» INSTRUCTIONS TO FOLLOW: For the material below, return exactly the lines starting at the line containing "Aktívna stolička pre" and ending at the line containing "Lot of 2 Starbucks", both ends included, and no others.

» DATA EXTRACT:
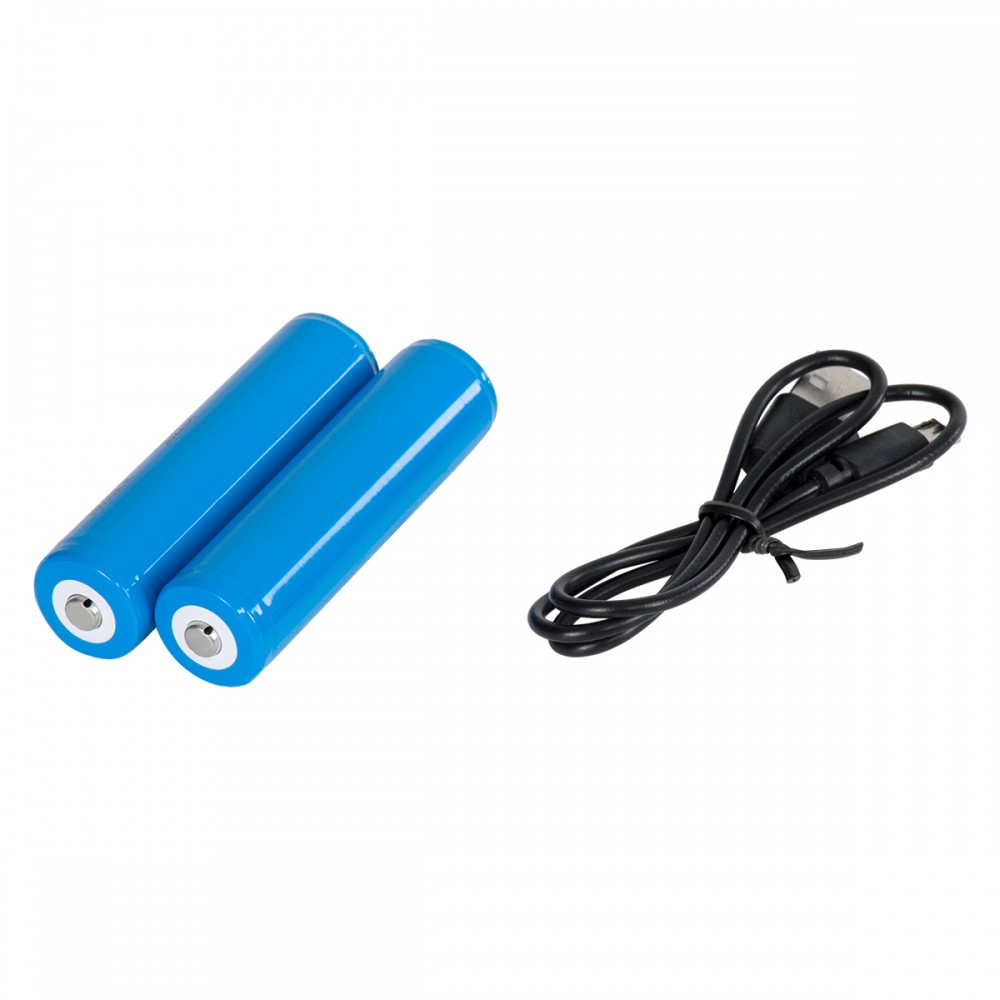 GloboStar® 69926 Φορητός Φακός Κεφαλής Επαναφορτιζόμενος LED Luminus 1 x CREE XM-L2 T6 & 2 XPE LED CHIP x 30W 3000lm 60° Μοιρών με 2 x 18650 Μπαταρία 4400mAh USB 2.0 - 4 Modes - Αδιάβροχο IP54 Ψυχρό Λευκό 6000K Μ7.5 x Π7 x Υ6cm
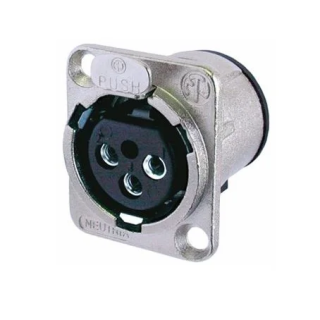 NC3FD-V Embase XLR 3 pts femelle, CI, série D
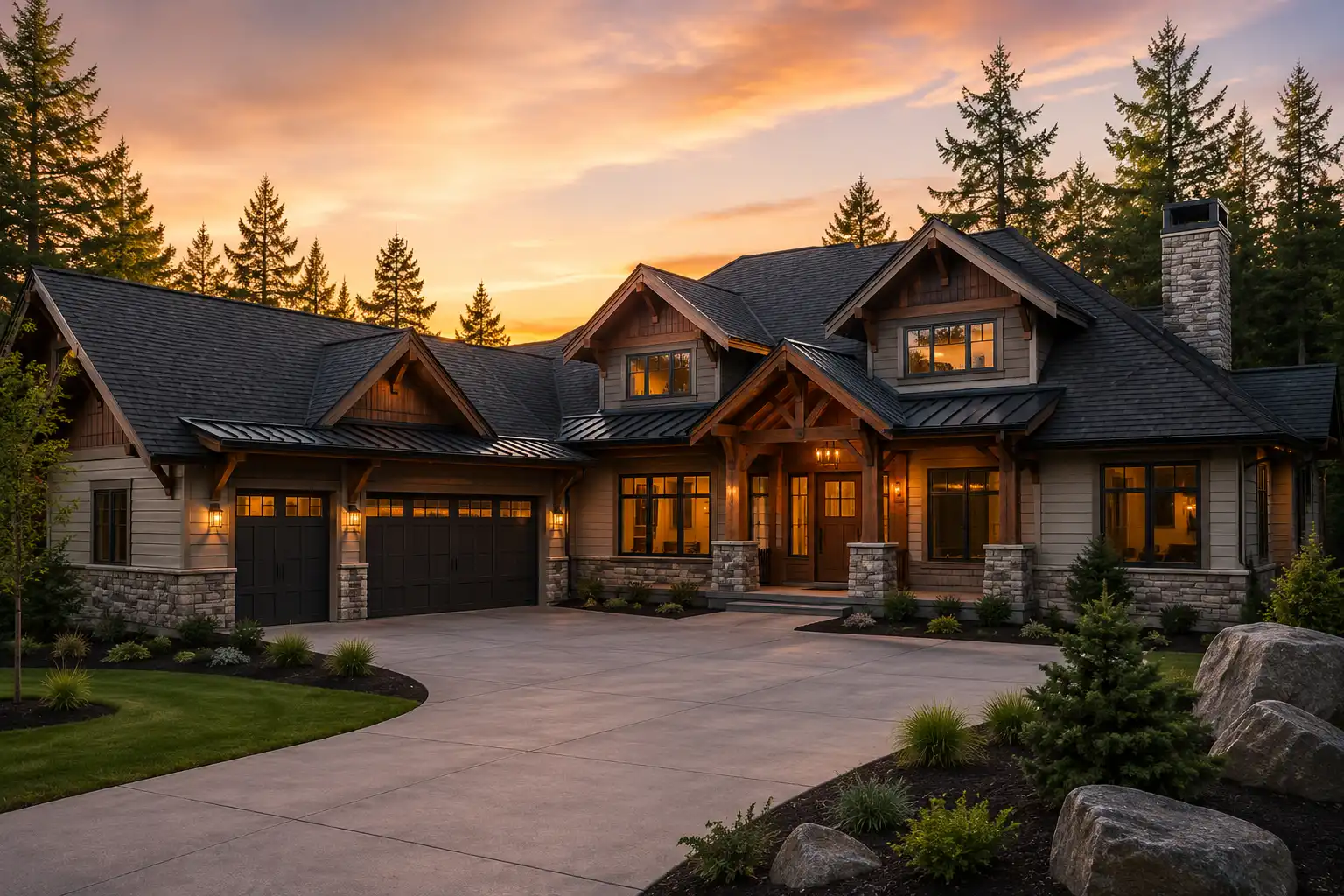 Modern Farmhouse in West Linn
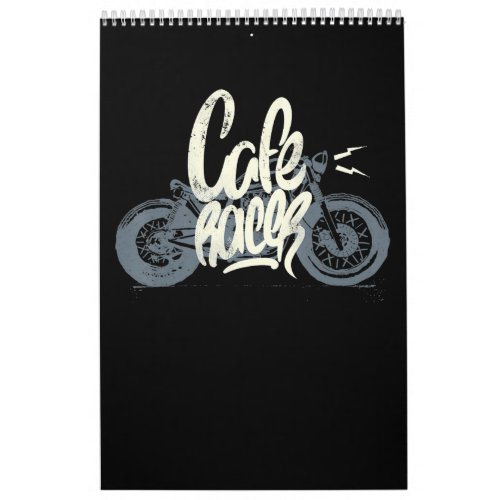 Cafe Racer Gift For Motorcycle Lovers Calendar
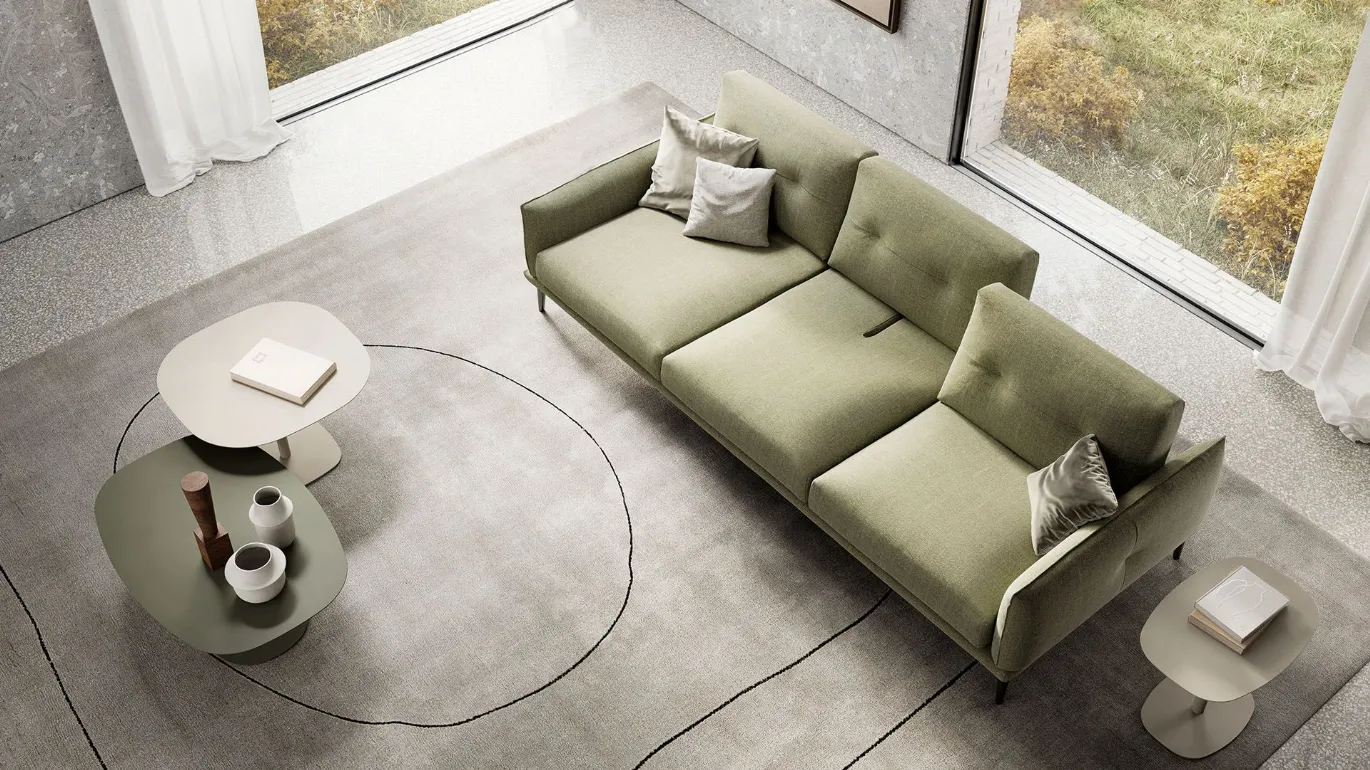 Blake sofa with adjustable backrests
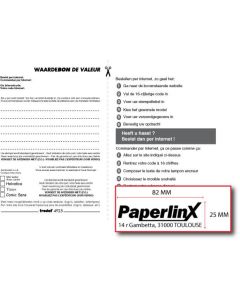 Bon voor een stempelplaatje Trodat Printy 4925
--
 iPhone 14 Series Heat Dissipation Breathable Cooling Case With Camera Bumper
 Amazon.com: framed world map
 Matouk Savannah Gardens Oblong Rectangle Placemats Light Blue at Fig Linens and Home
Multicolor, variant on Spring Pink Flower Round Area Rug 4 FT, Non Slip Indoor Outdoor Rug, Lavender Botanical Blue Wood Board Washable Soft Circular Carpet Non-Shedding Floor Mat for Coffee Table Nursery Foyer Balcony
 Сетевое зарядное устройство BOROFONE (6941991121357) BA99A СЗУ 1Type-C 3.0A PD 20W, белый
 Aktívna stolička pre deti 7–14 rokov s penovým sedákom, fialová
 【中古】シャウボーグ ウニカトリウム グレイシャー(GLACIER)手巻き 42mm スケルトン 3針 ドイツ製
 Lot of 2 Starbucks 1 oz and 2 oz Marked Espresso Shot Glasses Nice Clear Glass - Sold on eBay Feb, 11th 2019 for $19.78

» WRITTEN SOLUTION:
 Aktívna stolička pre deti 7–14 rokov s penovým sedákom, fialová
 【中古】シャウボーグ ウニカトリウム グレイシャー(GLACIER)手巻き 42mm スケルトン 3針 ドイツ製
 Lot of 2 Starbucks 1 oz and 2 oz Marked Espresso Shot Glasses Nice Clear Glass - Sold on eBay Feb, 11th 2019 for $19.78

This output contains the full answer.